Starting in 1347 the plague killed 200 million people over the next four years. The concept of quarantining people was born. Quarantine is based on the Italian word quarantino, or 40. People entering a city were separated for 40 days to help reduce the spread.

In 1665 in London, 100,000 people died from the plague. Red crosses were placed on the homes of the ill who were forcefully quarantined in their homes.

Starting the the 15th century, smallpox killed 3 out of 10 people in the old world and 90-95% of the indigenous people living in the new world. The difference between the two worlds was that the old world had developed some herd immunity. In the 18th century, Dr. Edward Jenner developed the first vaccine to combat the virus.  In 1980, the World Health Organization declared that smallpox had been wiped out (Roos, 2020).  

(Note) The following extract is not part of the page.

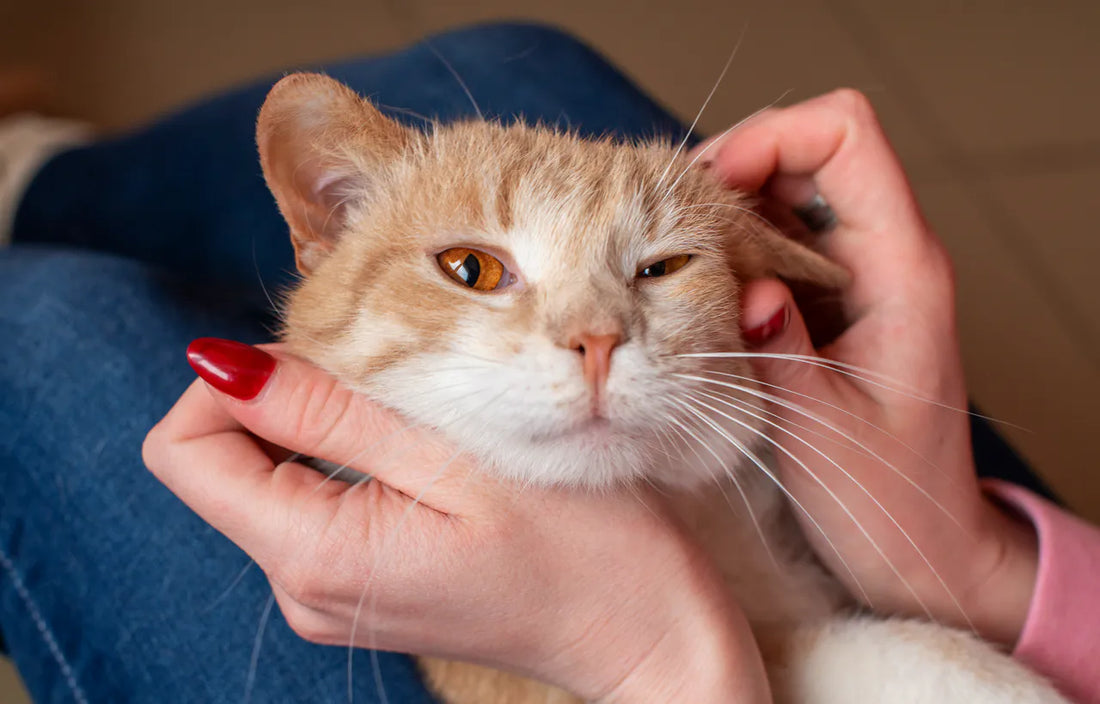 Die Sprache der Katzen: So sagt dir deine Katze "Ich liebe dich"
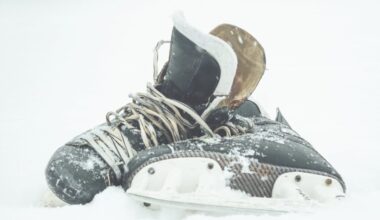 Mankato among selected host cities for World Juniors Pre-Tournament Series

With each outbreak of a pandemic, humans learned and prepared for the next wave. We still quarantine. Sometimes forcefully such as our country being in lock down for over 50 days. Other times by choice. When you have a cold, you tend to stay home so you don’t spread it around. We continue to use a red cross as a symbol of suffering and it has grown into representing a place of hope. When a virus emerges, we move quickly to develop vaccines to help combat it.  

As a country, what will we take from this pandemic? Since the end of the 19th century, our country has experienced numerous pandemics: Cholera, Yellow Fever, Polio, H1N1 (Spanish Flu, Swine Flu), H2N2 (Asian Flu), H3N2 (Hong Kong Flu), HIV/AIDS, Sever Acute Respiratory Syndrome (SARS), Middle East Respiratory Syndrome (MERS), and now SARS-CoV-2 (COVID-19).

When the next pandemic hits, and it will, are we going to be willing to completely shut down our economy or will we figure out a different way to manage the situation?

As an individual, what have you learned about yourself during this lock down? Did you find yourself drifting into fear or did you continue addressing the facts so you could remain calm and make solid decisions?

Julie Swanberg-Hjelm, PhD

Julie is an expert on anxiety and differentiation of self. She helps organizations and individuals recognize how they are responding to anxiety and how to create new patterns of response. When people are able to develop a greater capability of lowering their emotional reactivity, they can develop different ways to interact with problems and discover creative manners to address those problems.